What is being asked
Only the lines below, from the one with "Black Premium Vegetable" through the one with "Mirror Rhinestone Cover", are to be written out, exactly.

Source records
--- START ---

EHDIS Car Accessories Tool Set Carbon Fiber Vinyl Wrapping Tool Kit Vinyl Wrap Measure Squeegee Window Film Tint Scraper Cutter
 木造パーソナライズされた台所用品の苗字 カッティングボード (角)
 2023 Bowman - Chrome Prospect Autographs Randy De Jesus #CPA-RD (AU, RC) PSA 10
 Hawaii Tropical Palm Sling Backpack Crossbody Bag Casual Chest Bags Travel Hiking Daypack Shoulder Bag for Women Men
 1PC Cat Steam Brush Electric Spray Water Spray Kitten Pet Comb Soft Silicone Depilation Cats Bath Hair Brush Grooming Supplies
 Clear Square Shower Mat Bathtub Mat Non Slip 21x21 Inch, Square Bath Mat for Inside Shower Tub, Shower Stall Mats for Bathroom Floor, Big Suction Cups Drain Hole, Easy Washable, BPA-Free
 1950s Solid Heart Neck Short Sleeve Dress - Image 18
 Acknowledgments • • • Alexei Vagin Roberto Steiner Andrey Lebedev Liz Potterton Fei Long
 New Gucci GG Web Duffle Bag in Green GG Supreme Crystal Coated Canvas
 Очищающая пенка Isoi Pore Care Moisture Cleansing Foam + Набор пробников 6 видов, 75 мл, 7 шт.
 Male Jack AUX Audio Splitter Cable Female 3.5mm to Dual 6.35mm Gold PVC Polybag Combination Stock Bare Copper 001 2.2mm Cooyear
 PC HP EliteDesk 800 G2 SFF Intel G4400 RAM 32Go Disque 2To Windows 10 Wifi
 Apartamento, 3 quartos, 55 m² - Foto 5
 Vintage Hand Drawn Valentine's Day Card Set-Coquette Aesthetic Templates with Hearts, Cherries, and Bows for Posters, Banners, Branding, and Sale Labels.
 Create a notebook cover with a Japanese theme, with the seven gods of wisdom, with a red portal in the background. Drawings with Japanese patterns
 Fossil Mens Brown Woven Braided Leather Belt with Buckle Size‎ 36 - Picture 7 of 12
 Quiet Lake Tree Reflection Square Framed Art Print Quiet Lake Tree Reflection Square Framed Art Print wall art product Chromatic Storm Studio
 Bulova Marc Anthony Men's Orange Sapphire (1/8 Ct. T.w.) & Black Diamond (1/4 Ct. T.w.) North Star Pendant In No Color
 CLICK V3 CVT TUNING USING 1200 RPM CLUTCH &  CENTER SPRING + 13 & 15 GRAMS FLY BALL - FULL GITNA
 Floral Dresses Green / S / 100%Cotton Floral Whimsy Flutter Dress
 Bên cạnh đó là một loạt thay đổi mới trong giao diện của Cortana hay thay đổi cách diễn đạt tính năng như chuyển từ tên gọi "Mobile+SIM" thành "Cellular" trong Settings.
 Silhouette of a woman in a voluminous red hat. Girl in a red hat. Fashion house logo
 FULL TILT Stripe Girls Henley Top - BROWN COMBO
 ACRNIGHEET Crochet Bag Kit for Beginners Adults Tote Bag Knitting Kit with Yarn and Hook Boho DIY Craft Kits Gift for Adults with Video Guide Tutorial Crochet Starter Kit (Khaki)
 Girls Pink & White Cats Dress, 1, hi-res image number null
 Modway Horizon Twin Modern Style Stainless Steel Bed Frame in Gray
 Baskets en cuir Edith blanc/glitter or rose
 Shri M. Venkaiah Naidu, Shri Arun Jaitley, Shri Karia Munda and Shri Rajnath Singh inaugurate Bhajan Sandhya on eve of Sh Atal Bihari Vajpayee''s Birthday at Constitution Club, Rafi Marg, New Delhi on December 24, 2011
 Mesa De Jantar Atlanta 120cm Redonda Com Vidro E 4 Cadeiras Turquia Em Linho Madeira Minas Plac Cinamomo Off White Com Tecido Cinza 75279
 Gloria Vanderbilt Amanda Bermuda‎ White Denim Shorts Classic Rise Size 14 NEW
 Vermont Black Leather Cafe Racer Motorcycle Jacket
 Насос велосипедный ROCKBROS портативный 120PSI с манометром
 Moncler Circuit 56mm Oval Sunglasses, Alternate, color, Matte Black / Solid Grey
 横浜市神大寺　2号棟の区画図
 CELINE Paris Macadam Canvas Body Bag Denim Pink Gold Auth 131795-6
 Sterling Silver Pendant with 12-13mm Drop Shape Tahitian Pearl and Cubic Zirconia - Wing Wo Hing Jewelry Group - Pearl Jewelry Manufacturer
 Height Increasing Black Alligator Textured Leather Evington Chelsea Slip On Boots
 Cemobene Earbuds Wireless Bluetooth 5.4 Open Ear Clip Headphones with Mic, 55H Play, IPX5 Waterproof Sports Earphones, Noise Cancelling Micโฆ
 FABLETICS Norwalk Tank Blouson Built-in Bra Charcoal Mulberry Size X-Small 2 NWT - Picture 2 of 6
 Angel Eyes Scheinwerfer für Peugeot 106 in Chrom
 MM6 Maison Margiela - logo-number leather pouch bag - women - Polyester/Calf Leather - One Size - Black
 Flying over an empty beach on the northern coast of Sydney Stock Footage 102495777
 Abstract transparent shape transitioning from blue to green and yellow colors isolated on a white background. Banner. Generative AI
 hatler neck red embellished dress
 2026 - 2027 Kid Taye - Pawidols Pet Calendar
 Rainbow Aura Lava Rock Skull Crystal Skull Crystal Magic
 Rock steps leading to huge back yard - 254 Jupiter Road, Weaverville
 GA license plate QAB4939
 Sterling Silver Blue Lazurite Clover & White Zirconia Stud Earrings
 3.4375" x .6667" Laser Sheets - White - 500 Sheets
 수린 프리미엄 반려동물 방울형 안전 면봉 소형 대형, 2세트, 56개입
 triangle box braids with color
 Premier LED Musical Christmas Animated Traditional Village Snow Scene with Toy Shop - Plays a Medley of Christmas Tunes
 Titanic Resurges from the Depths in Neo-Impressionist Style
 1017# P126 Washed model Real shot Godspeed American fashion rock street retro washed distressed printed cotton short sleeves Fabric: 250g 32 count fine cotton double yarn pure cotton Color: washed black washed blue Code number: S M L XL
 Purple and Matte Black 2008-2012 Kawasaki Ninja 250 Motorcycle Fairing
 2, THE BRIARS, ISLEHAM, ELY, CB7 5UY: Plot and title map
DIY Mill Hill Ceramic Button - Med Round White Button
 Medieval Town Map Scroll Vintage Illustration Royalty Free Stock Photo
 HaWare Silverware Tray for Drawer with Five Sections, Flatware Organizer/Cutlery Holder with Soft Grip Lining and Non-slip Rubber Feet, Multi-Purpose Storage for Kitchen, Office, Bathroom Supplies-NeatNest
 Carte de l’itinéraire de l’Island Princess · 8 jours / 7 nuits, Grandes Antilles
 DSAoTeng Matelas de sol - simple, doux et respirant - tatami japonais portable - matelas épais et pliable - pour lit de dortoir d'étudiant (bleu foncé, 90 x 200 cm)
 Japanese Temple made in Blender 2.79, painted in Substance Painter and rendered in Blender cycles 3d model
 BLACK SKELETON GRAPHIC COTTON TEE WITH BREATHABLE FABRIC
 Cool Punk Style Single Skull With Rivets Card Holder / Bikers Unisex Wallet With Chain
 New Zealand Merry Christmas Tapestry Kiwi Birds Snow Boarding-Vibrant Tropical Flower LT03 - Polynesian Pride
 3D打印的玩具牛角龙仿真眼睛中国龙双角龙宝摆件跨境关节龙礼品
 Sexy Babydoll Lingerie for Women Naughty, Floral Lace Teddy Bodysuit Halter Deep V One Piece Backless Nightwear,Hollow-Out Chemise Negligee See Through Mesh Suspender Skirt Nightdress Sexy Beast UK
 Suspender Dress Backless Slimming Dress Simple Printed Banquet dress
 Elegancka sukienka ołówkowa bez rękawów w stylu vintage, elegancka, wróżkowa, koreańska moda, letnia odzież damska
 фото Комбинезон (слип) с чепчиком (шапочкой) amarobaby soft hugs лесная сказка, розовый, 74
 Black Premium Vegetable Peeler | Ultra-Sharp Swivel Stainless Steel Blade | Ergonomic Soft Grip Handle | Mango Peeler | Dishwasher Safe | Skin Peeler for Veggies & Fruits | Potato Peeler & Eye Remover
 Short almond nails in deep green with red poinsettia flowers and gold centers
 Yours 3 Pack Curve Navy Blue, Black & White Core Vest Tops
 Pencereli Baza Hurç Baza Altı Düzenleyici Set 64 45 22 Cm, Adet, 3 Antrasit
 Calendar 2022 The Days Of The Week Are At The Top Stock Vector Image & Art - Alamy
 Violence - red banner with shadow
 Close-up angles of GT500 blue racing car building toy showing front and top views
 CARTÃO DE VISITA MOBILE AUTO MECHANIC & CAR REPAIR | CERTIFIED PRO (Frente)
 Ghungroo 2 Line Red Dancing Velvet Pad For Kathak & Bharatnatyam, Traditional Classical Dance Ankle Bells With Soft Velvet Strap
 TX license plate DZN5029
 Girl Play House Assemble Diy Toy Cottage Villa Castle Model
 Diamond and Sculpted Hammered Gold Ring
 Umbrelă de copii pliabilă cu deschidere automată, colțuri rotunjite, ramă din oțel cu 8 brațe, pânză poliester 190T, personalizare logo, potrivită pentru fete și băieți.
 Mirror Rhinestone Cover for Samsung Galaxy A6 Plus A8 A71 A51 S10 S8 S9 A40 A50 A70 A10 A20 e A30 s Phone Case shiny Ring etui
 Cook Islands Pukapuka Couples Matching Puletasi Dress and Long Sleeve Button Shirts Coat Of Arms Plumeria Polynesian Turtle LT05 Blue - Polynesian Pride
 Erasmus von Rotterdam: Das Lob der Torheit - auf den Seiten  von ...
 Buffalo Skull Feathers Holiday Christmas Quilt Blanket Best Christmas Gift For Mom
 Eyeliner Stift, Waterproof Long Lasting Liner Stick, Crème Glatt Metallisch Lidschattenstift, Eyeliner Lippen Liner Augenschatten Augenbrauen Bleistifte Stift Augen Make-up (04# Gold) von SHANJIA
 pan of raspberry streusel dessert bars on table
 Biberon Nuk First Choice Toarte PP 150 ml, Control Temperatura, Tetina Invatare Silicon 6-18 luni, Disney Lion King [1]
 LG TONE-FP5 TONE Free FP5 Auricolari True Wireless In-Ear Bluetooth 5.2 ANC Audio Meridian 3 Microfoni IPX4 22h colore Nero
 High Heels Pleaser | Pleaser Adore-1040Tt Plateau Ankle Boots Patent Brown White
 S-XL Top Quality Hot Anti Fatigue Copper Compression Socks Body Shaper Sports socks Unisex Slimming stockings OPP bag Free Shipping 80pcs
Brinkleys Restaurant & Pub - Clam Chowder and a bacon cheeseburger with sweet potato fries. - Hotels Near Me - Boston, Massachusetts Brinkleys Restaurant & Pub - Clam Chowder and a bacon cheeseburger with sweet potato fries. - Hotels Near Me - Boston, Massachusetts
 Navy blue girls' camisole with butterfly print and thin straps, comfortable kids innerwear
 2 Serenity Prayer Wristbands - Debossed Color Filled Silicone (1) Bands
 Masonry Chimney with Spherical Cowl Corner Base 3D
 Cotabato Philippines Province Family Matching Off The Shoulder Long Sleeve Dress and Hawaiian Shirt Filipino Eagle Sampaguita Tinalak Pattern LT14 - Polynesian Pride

--- END ---

Result of the exercise
 Black Premium Vegetable Peeler | Ultra-Sharp Swivel Stainless Steel Blade | Ergonomic Soft Grip Handle | Mango Peeler | Dishwasher Safe | Skin Peeler for Veggies & Fruits | Potato Peeler & Eye Remover
 Short almond nails in deep green with red poinsettia flowers and gold centers
 Yours 3 Pack Curve Navy Blue, Black & White Core Vest Tops
 Pencereli Baza Hurç Baza Altı Düzenleyici Set 64 45 22 Cm, Adet, 3 Antrasit
 Calendar 2022 The Days Of The Week Are At The Top Stock Vector Image & Art - Alamy
 Violence - red banner with shadow
 Close-up angles of GT500 blue racing car building toy showing front and top views
 CARTÃO DE VISITA MOBILE AUTO MECHANIC & CAR REPAIR | CERTIFIED PRO (Frente)
 Ghungroo 2 Line Red Dancing Velvet Pad For Kathak & Bharatnatyam, Traditional Classical Dance Ankle Bells With Soft Velvet Strap
 TX license plate DZN5029
 Girl Play House Assemble Diy Toy Cottage Villa Castle Model
 Diamond and Sculpted Hammered Gold Ring
 Umbrelă de copii pliabilă cu deschidere automată, colțuri rotunjite, ramă din oțel cu 8 brațe, pânză poliester 190T, personalizare logo, potrivită pentru fete și băieți.
 Mirror Rhinestone Cover for Samsung Galaxy A6 Plus A8 A71 A51 S10 S8 S9 A40 A50 A70 A10 A20 e A30 s Phone Case shiny Ring etui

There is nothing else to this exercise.